For teams that want full control over their metrics pipeline and lower costs at scale, self-managed Prometheus (or Amazon Managed Prometheus) is the standard choice.

Amazon Managed Prometheus (AMP)

AMP is a serverless, Prometheus-compatible monitoring service. You do not manage servers, storage, or scaling.

# Create a workspace
WORKSPACE_ID=$(aws amp create-workspace \
  --alias eks-production \
  --query 'workspaceId' --output text)

echo "Workspace: $WORKSPACE_ID"
echo "Endpoint: https://aps-workspaces.us-east-1.amazonaws.com/workspaces/$WORKSPACE_ID"

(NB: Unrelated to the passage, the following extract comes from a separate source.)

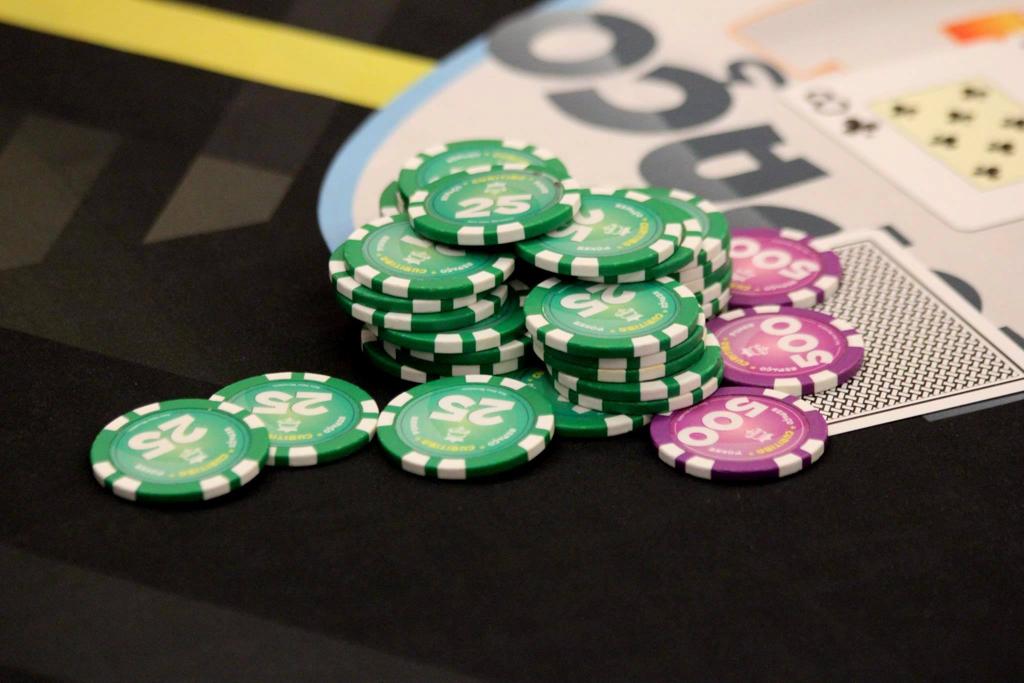 Jogador que ficar com todas as fichas após os oito dias levará o grande prêmio para casa. | Divulgação/Espaço Poker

Deploying Prometheus to Scrape EKS Metrics

# Install the Prometheus stack using Helm
helm repo add prometheus-community https://prometheus-community.github.io/helm-charts
helm repo update

# For self-managed Prometheus + Grafana:
helm install prometheus prometheus-community/kube-prometheus-stack \
  --namespace monitoring \
  --create-namespace \
  --set prometheus.prometheusSpec.retention=15d \
  --set prometheus.prometheusSpec.resources.requests.cpu=500m \
  --set prometheus.prometheusSpec.resources.requests.memory=2Gi \
  --set grafana.enabled=true \
  --set grafana.adminPassword=DojoGrafana2024

# For remote-write to Amazon Managed Prometheus:
helm install prometheus prometheus-community/kube-prometheus-stack \
  --namespace monitoring \
  --create-namespace \
  --set prometheus.prometheusSpec.remoteWrite[0].url="https://aps-workspaces.us-east-1.amazonaws.com/workspaces/$WORKSPACE_ID/api/v1/remote_write" \
  --set prometheus.prometheusSpec.remoteWrite[0].sigv4.region=us-east-1

Essential PromQL Queries for EKS

# CPU usage by namespace (percentage of requests)
sum(rate(container_cpu_usage_seconds_total{container!=""}[5m])) by (namespace)
/ sum(kube_pod_container_resource_requests{resource="cpu"}) by (namespace)
* 100

# Memory usage vs limits (OOM risk indicator)
sum(container_memory_working_set_bytes{container!=""}) by (namespace, pod)
/ sum(kube_pod_container_resource_limits{resource="memory"}) by (namespace, pod)
* 100

# Pod restart rate (signals instability)
sum(rate(kube_pod_container_status_restarts_total[1h])) by (namespace, pod) > 0

# Node not Ready duration
sum(kube_node_status_condition{condition="Ready", status="true"} == 0) by (node)

# Karpenter provisioning latency (p99)
histogram_quantile(0.99, sum(rate(karpenter_provisioner_scheduling_duration_seconds_bucket[5m])) by (le))

Pause and predict: You notice that kube_pod_container_status_restarts_total is rapidly increasing for your core API namespace, but node_cpu_utilization is completely normal. What might be causing the pods to restart if it isn’t node-level resource starvation? (Hint: Think about memory limits, liveness probes, or application-level crashes.)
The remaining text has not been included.